|Title||Ins Blaue hinein träumen|
|Description||A trilogy of ceilings called Quelle (source, 11x24m), Strömung (flow, 9x18m) and Mündung (mouth, 6x18m)|
|Materials||Sublimation print on aluminum panels|
|Location||EMsgalerie, Rheine (DE)|
|Commissioned by||Hermann Klaas Projektentwicklung|
|Art director||Mothership – Jeroen Everaert|
|Producer||Mothership – Maartje Berendsen / TS Visuals|
|Thanks to||Thomas Schaper Design|
Ins Blaue hinein träumen is a trilogy of ceilings calledQuelle (source, 11x24m), Strömung (flow, 9x18m) and Mündung (mouth, 6x18m). The three ceilings embellish the Emsgalerie in Rheine, Germany and are the biggest productions Smulders has ever undertaken and executed.
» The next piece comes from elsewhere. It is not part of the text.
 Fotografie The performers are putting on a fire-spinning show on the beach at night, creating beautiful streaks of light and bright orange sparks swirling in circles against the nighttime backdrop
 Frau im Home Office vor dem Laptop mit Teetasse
A conversation Smulders had with two women on the site of the new shopping centre is her source of inspiration. On being asked what these ladies thought of the Emsgalerie construction project, they were not hesitant to vent their doubts: no longer would they be able to see the river Ems. This inspired Smulders to permanently present the river Ems and its surroundings to the local people and the Emsgalerie public, lest it be forgotten.
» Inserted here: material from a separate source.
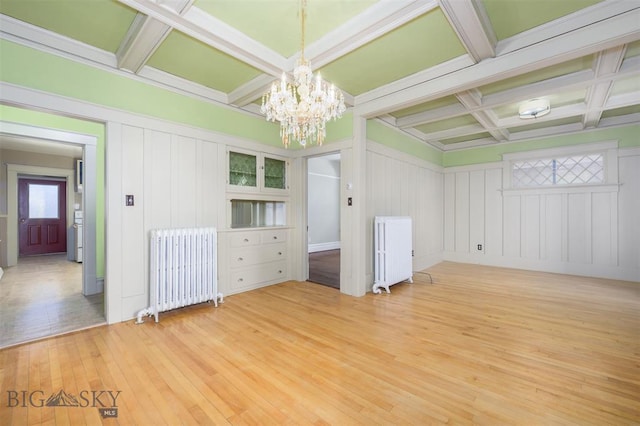 843 Lewisohn St, Butte, MT 59701 - empty room featuring radiator heating unit, coffered ceiling, light wood-style flooring, a chandelier, and a decorative wall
The titles given to the three ceilings form the starting-point of the story of the River Ems. The Quelle(source) narrates of frisky liveliness. There is a stork. We see a snake shifting towards a tempting apple, a hint of possible danger in Paradise, a shadow cast on this pastoral scene. Smulders tempts the spectator into exploring this thrilling world of colourful abundance and plenty. And if we let us get inundated with this exciting universe that is peaceful, yet also unsettling and sometimes macabre, we will not be let down. On the river banks, we discover a buzzard with its fresh prey, a squirrel, a brace of mallards, a fox determined to steal the eggs from a nest across the river. There’s the golden pheasant recurring in every scene to rule the roost in the final ceiling, Mündung(mouth). It shows the river at majestic peace, having passed the middle ceiling Strömung (flow), where the water ripples, giving away the rough imperfections of the riverbed.
In these multilayered scenes depicted by the three ceilings, it is not just the face-value story to be told. To Smulders, the river is a telling metaphor for Life itself: you can walk along the river, keeping your distance or you can jump in and go with its flow. The source, flow and mouth then symbolize the coming of age process: youthful enthusiasm at the start, the turmoil of learning to grow up and finally graceful acceptance of this great miracle that’s called Life, having come full circle.